В палатке целительницы стоял сумрак, темный дымный свет. Демиздор лежала на коврах, голова ее была отвернута от меня. Я увидел, что она без маски; только легкая кисея ее светлых волос скрывала лицо. Сердце у меня так забилось, что палатка запрыгала перед глазами. Но я подошел к ней спокойно.
— Демиздор, — сказал я, — я отвел эту женщину назад к ее отцу. Другие мои жены не обидят тебя. А когда закончится время битв, и мы придем на летнюю стоянку, я женюсь на тебе. Ты будешь моей первой женой вместо Чулы.
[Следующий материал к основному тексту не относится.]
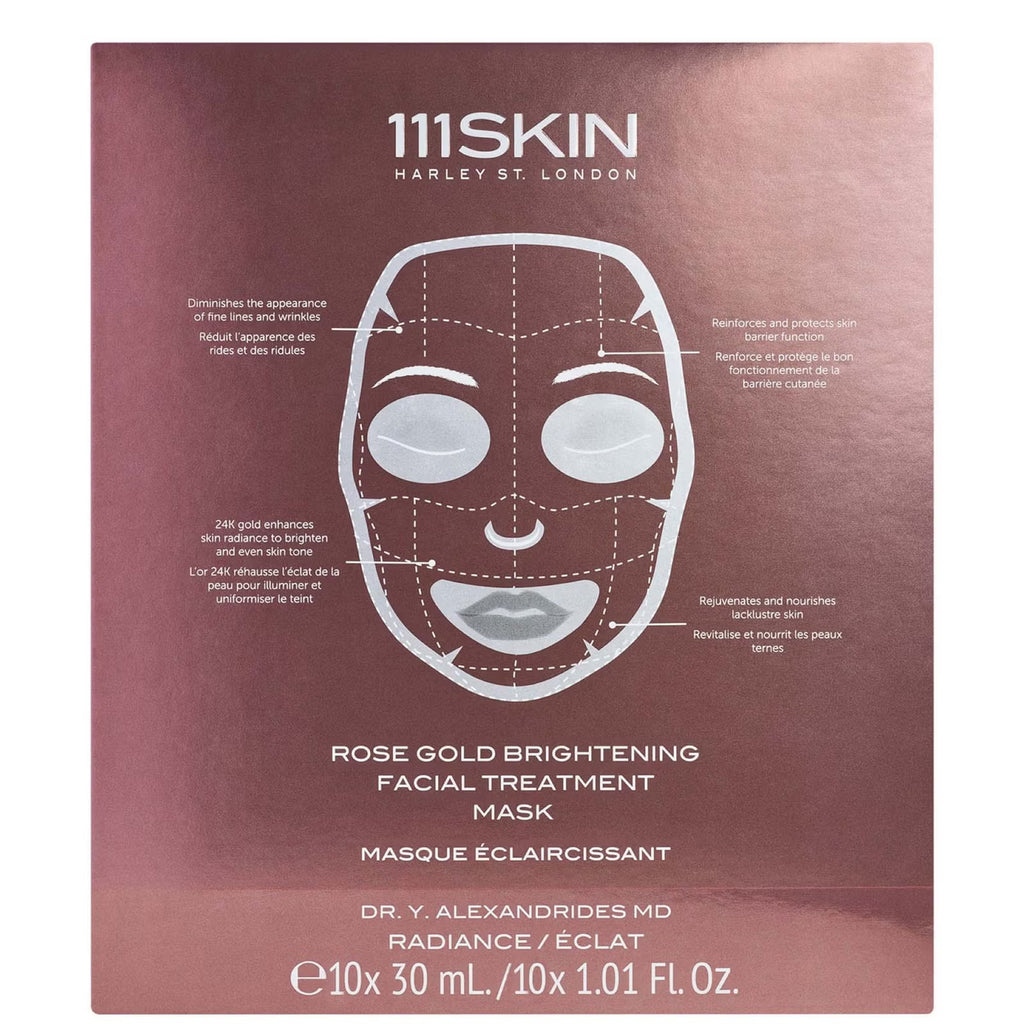111 Skin Rose Gold Brightening Facial Treatment Mask (10 masks)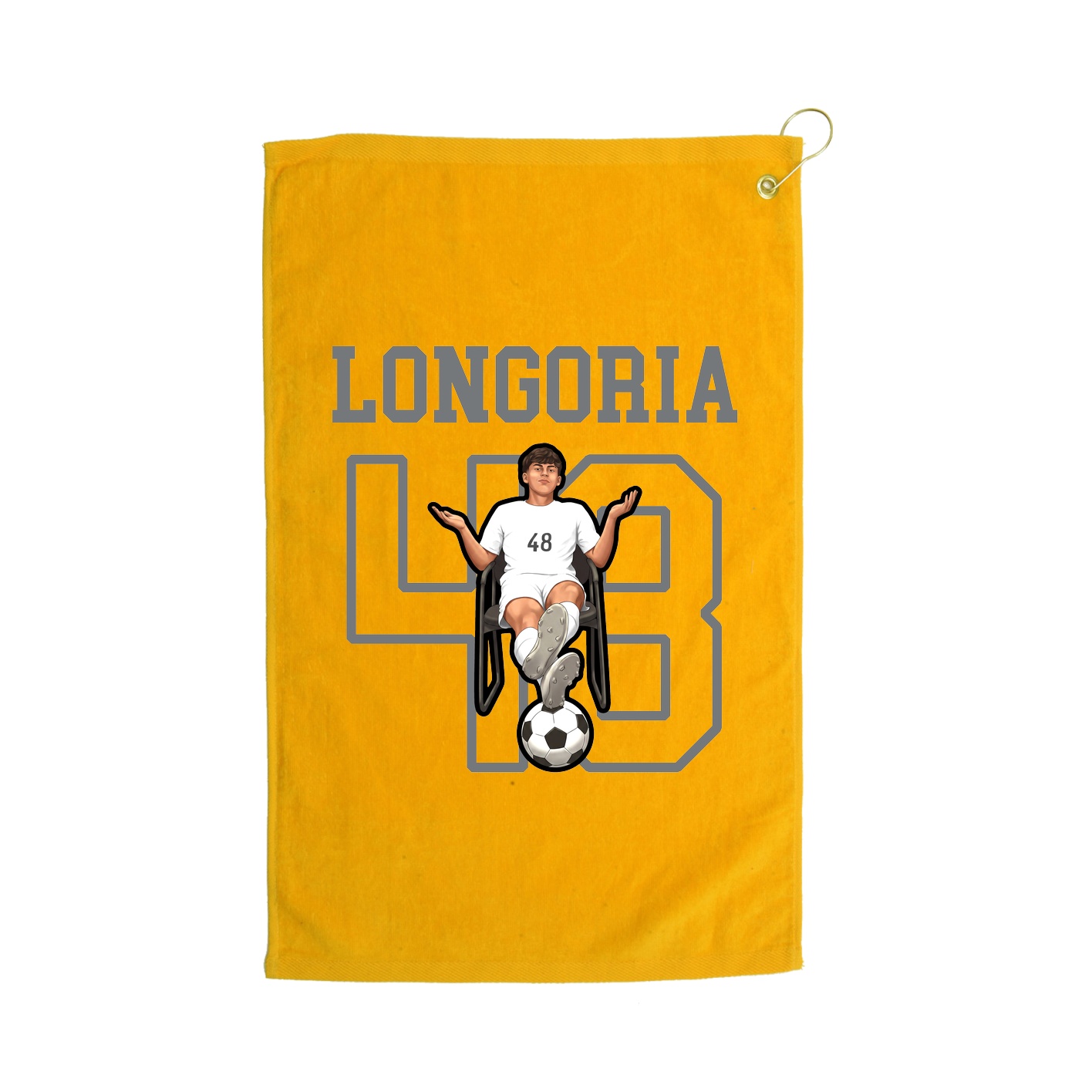 Golf Towel — Shirsey in Gold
Очень тихо она спросила:
— Смогу ли я вынести эту ни с чем не сравнимую честь?
Под цветком все еще была гадюка, как я убедился. Я не ответил. Я приподнял пелену белокурого шелка с ее щек и нежно повернул ее лицо к себе. Ресницы ее дрогнули, как во сне; она ни за что не хотела смотреть на меня.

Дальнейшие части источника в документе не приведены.